Here’s your free PDF cheat sheet showing you all Python list methods on one simple page. Click the image to download the high-resolution PDF file, print it, and post it to your office wall:

Python List extend() At The Beginning

What if you want to use the extend() method at the beginning: you want to “add” a number of elements just before the first element of the list.

Well, you should work on your terminology for starters. But if you insist, you can use the insert() method instead.

Here’s an example:

>>> lst = [1, 2, 3]
>>> lst.insert(0, 99)
>>> lst
[99, 1, 2, 3]

The insert(i, x) method inserts an element x at position i in the list. This way, you can insert an element to each position in the list—even at the first position. Note that if you insert an element at the first position, each subsequent element will be moved by one position. In other words, element i will move to position i+1.

Python List extend() vs +

List concatenation operator +: If you use the + operator on two integers, you’ll get the sum of those integers. But if you use the + operator on two lists, you’ll get a new list that is the concatenation of those lists.

l1 = [1, 2, 3]
l2 = [4, 5, 6]
l3 = l1 + l2
print(l3)

Output:

[1, 2, 3, 4, 5, 6]

The problem with the + operator for list concatenation is that it creates a new list for each list concatenation operation. This can be very inefficient if you use the + operator multiple times in a loop.
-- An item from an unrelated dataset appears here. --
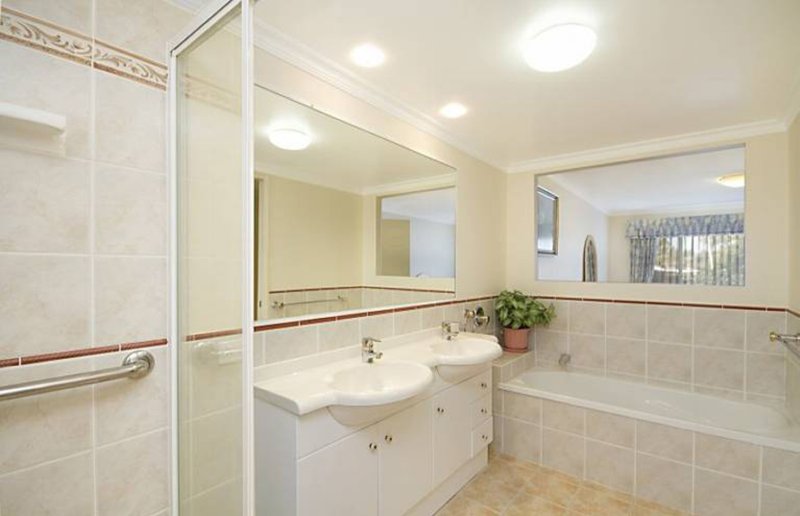 Photo - 3 / 8 Mariners Drive West , Tweed Heads NSW 2485 - Image 8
How fast is the + operator really? Here’s a common scenario how people use it to add new elements to a list in a loop. This is very inefficient:

import time

start = time.time()

l = []
for i in range(100000):
l = l + [i]

stop = time.time()

print("Elapsed time: " + str(stop - start))

Output:

Elapsed time: 14.438847541809082

The experiments were performed on my notebook with an Intel(R) Core(TM) i7-8565U 1.8GHz processor (with Turbo Boost up to 4.6 GHz) and 8 GB of RAM.

I measured the start and stop timestamps to calculate the total elapsed time for adding 100,000 elements to a list.

The result shows that it takes 14 seconds to perform this operation.

This seems slow (it is!). So let’s investigate some other methods to concatenate and their performance:

Python List extend() Performance

Here’s a similar example that shows how you can use the extend() method to concatenate two lists l1 and l2.

l1 = [1, 2, 3]
l2 = [4, 5, 6]
l1.extend(l2)
print(l1)

Output:

[1, 2, 3, 4, 5, 6]

But is it also fast? Let’s check the performance!

Performance:

I performed a similar experiment as before for the list concatenation operator +.

import time

start = time.time()

l = []
l.extend(range(100000))

stop = time.time()

print("Elapsed time: " + str(stop - start))

Output:

Elapsed time: 0.0

I measured the start and stop timestamps to calculate the total elapsed time for adding 100,000 elements to a list.

The result shows that it takes negligible time to run the code (0.0 seconds compared to 0.006 seconds for the append() operation above).

The extend() method is the most concise and fastest way to concatenate lists.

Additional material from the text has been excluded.